- [The problem]: In the records below, begin at the line that has "Daniel Ridgway Knight" and stop after the line that has "Double-Tip 2-in-1 Eyebrow"; quote those lines verbatim and nothing more.

Information shown Block Start

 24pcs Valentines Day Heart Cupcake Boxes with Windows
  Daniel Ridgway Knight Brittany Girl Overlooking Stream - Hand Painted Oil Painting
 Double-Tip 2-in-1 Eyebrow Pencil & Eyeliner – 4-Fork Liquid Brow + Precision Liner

Information shown Block End
Information shown Block Start

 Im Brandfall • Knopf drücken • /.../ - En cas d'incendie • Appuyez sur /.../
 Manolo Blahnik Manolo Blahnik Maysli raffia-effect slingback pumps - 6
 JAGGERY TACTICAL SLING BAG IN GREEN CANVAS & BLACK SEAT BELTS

Information shown Block End

- [Exercise answer]:
  Daniel Ridgway Knight Brittany Girl Overlooking Stream - Hand Painted Oil Painting
 Double-Tip 2-in-1 Eyebrow Pencil & Eyeliner – 4-Fork Liquid Brow + Precision Liner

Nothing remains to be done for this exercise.